Greek Referendum: Win Win for Europe

Greek Referendum: A Win Win for Europe.

So the Greek vote has lobbed a grenade into the Eurozone. Nobody should be surprised. After five years of austerity resulting in massive unemployment, extreme levels of poverty, a startling rise in suicide and 30% wipe out of Greek’s GDP; Greek voters yesterday stood against  the economic ‘terrorists’ and ‘blackmailers’ and openly supported their government giving them a clear mandate to negotiate a better deal.

Despite the celebrations on the streets of Athens tonight, further hardship lies ahead for the Greek people, the vote will not overnight solve the deep and destructive crises that has its roots as far back as the eighties when successive Greek governments overspent and ultimately cooked the books with the help of esteemed financial experts and managed to blag their way into the Euro family.

It seems now that this family has become somewhat dysfunctional. Greece is by all accounts the black sheep , like an errant teenager who has partied too much, the hangover is debilitating. Greek leaders have seen austerity destroy their economic society while most of the bailout was used to pay off debt interest rather than invest in the countries economic and social infrastucture. It is now up to SYRIZA to navigate a way out of the mess in agreement with the institutions.

The Institutions are part of a fairly strong wall of steel behind which the EU are hiding, refusing to deal with realities and hoping that the traditional right – wing economic model which demolished the world economy recently will somehow come good. It will not. It cannot, because Greece has a debt problem that is simply unsustainable and further Austerity is likely to drive the country over the edge with catastrophic consequences.

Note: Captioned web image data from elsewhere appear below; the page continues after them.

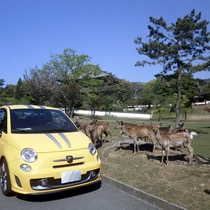 FIAT アバルト695トリブート・フェラーリ SISAL イエロー／ブラック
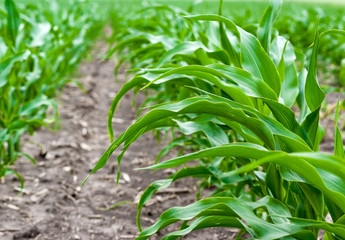Young corn sprouts planted in rows in the field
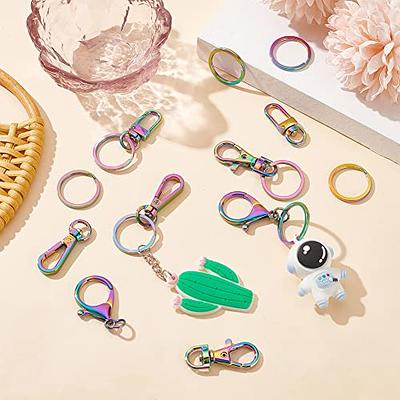150 PCS Lanyard Clips and Hooks, Multicolor Lobster Clasp Keychain Plastic  Lanyard Clips with Jump Rings, Lanyard Hook for Keychain Clasp, Plastic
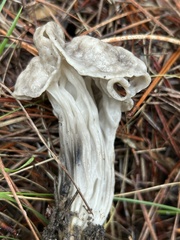 Helvella vespertina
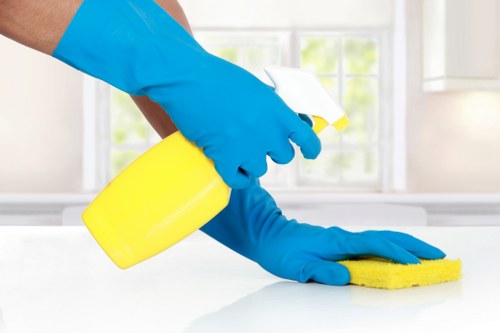 Domestic cleaning service for a Balham home with regular housekeeping support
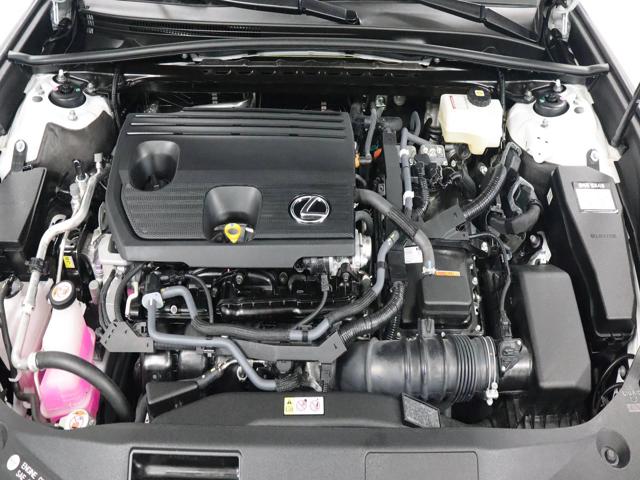 9c44bb51caf9625dfeb50501e464f5a9.jpeg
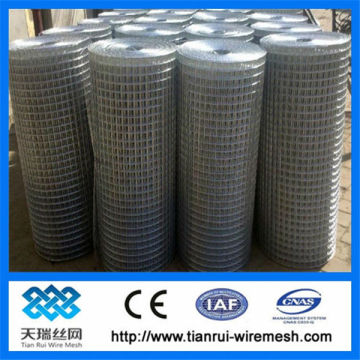 low price stainless steel welded wire mesh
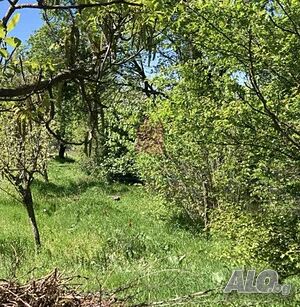 Продажба Парцел гр. Русе - Средна кула 535m²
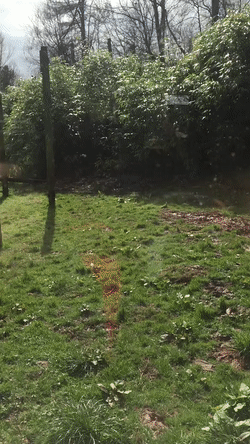 undefined 호랑이가 무서운 이유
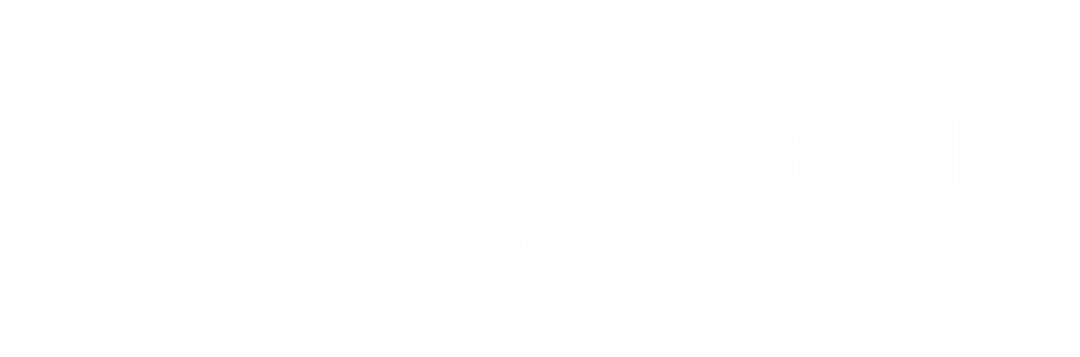 Logo Blanc ANAS 2025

Despite this, the situation could be a Win Win for Europe. If Greece seals a better deal – relief on austerity and a re-organisation of their debt responsibilities – it will contribute to establishing a sustainable growth situation. Other countries that are struggling might also benefit by arguing for a similar deal in the context of their own specific circumstances. More importantly the lesson of Greece will at some stage force an acceptance within the broader EU family that the systemic faults in how a stateless currency operates needs to be addressed as a matter of urgency.

Europe is a toddler learning to walk and talk and develop its identity. There will be many stumbles, with the Greece situation been arguably the worst so far. Europe has to listen to the Greek vote and heed the cry. Starving a group of people into submission because they dare vote for a party that has the cheek to challenge the prevailing economic paradigm is pointless. And trying to create the circumstances that will lead to the collapse of a democratic government is just plain dangerous. Worst of all, refusing to accept that the Greek economy has no hope of surviving under the current arrangements is basically reckless.

The Greek people stood up against what has been described as blackmail and economic terrorism. They stood alone and have now forced the entire EU family to think again. Irish people have some idea of what it is like to stand alone against a bully and fight for your life. Today Greece gave us all a valuable lesson on what can be achieved when democracy prevails and an entire society refuses to be trambled under the foot of the worst excesses  of neo liberal capitalism. Nobody is quite sure what will happen next and while Greece have not yet won the war, they have certainly won a very important battle.